I've recently found the characters from certain stories of my own taking such a turn; both with abilities beyond what anyone would normally be able to do, but not quite superhuman; somehow grounded by weaknesses within the real world. Do these characters have a genuine ability to grow and grab the reader's attention, and even be rooted for? What do you think?


----------



## ScottyDM (Oct 21, 2010)

Batman and other long-running comics, as well as almost all serial TV shows and books, suffer from Static Hero Syndrome. This is most easily avoided when the creators make an effort at producing an overall story arc--such as the TV shows _The Prisoner_ or _Babylon 5_. Thus you could put your lead character through life-changing events because his personal story is on an arc, not frozen in stasis. 

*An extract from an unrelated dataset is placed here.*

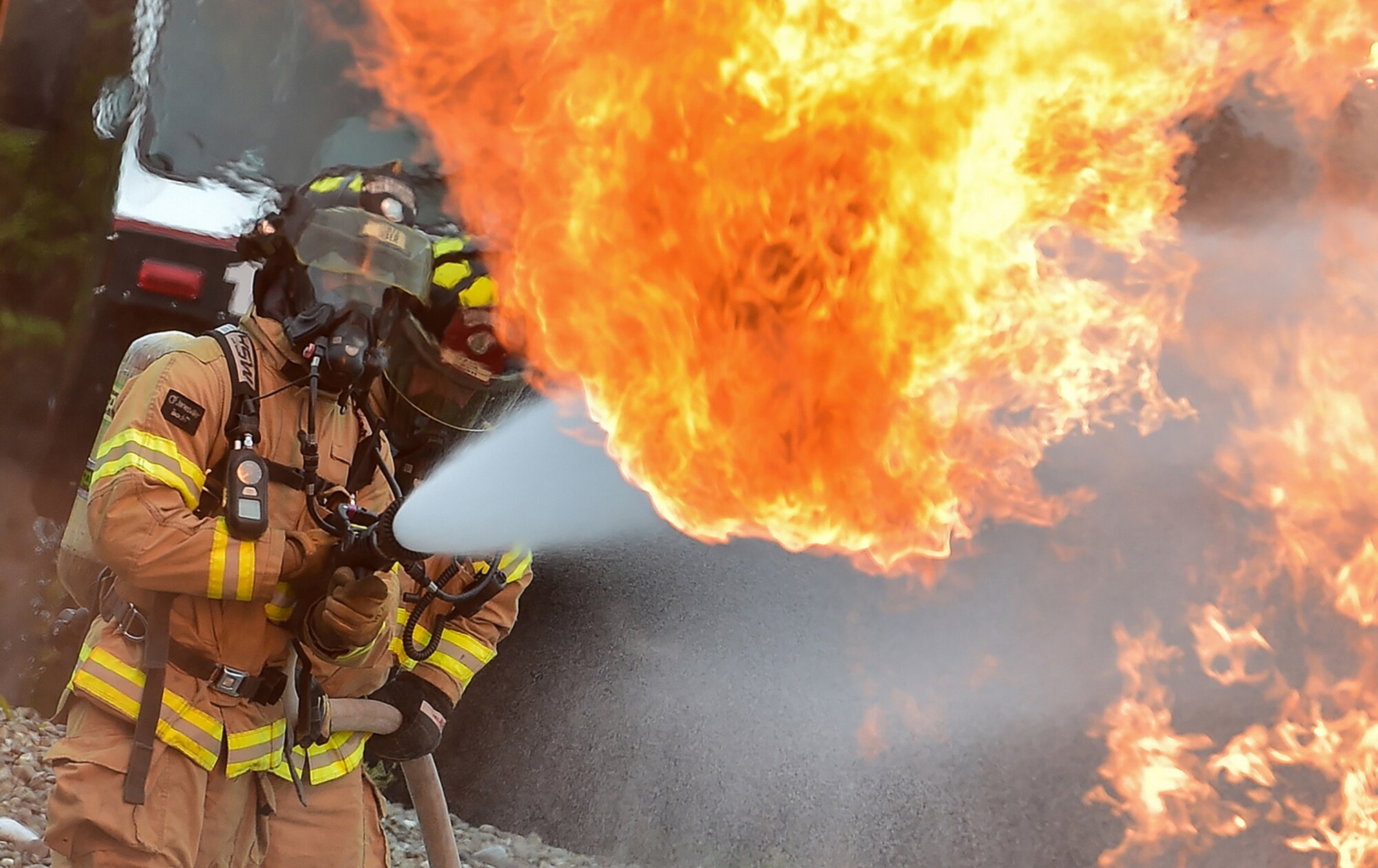 Fire protection specialist Airmen assigned to the 673rd Civil Engineer Squadron perform firefighter training on a simulated aircraft fire at Joint Base Elmendorf-Richardson, Alaska, Wednesday, Sept. 14, 2016.  Aircraft live fire training is conducted periodically throughout the year at JBER to ensure Airmen are prepared to combat aircraft fuel fires.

Most writers feel static characters in a serial are a necessity because they want to start the story in the same place each week. It's not really about the hero, but about the Villain Du Jour and how the hero defeats him or her. Some modern serials attempt to spice that up a touch by giving the hero some secret that's supposedly going to be revealed over the course of time--or not. Usually revelation is only hinted and, but never delivered. For example Red John, whom you know the show's heroes will never catch.

Batman and a few other comics have attempted to fix Static Hero Syndrome by completely remaking their title character from time to time. Thus you get "Batman 2.0", "Batman 3.0", etc. Batman is older than dirt, imagine if he was the same superdude introduced 71 years ago. How boring! Of course you have to kill off a guy like that a few times over the course of his career--literally or figuratively. Smash and then rebuild story canon.


Maybe the lesson is that to avoid hindsight editing, plan on interesting characters who have internal conflict and who change over the course of the story, from the very beginning. Here, the "very beginning" means once your final edits are done and you're getting ready to submit the story, or post it to the Web. Sometimes we need to live with our characters a bit before we begin to understand them.


For NaNo this year I'm going to spin a story I started to write as a novella, into a novel. I'm part of a Meetup group here in the Springs and this year we are prepping for November by doing character and plot building exercises.

A few weeks ago we were taking a good hard look at our characters. I realized I had a static villain. That was okay by me, but Anita would have none of it. She kinda beat me up about the villain and I knew she was right. It took a few days, but I finally came up with some real motivation, goals, and internal conflict for my villain. That helped my hero too because he now had something he could play off of. And it seriously tweaked the hero's internal conflict as well. Plus the new villain pumped up the final bits of the fight scene--his death now means something.

I thought that having a villain who is a force of nature, like a flood or a tornado, is fine. But it's so much better to have deep characters.

S~


----------



## ScottyDM (Oct 23, 2010)

Developments:

This past Thursday Anita beat me up again (figuratively) because my villain's villain is static. For God's sake he's a demon! A force of nature like a tornado or an earthquake. And he's only got two scenes: In the prologue he creates the villain by giving him werewolf powers. And in the next-to-last chapter, after the hero kills the villain, the demon appears and collects the villain's soul.

There is no growth or redemption for my demon. He just is. <grumbles>

Now the villain is far more important. He's even got POV in a few scenes. And Anita's right--he needs to be deep with psychological vulnerabilities.

S~


----------



## sunandshadow (Oct 23, 2010)

I'm not 100% sure what constitutes an "exaggerated hero".  But, I've seen several great, deep characters who had superpowers or were a genius among geniuses or something like that.


----------



## Aeturnus (Oct 23, 2010)

I don't see why not providing it's good.


----------



## ScottyDM (Oct 23, 2010)

A lot of those old comic book heroes are perfect. Batman always wins, and let's not forget Superman. As makmakmob suggested, these characters sometimes feel like Mary Sues. So how do you fix such characters so they aren't boring?

Well, "kill" the character and remake the series canon.

Or start with a character who isn't a Superman.

This is more than possible in a novel, but gets a touch difficult in an open-ended series. Yea, Superman had his kryptonite, but was there ever any real possibility he'd lose? Heck, you don't need superpowers to become invincible, just be a regular character in an open-ended series. Did anyone ever think Bones (Dr. McCoy) of _Star Trek_ would ever die while visiting a planet?

So the most effective way to prevent any character, not just an exaggerated hero, from becoming too big for his britches is the willingness to kill that character--and have him stay dead.

S~


----------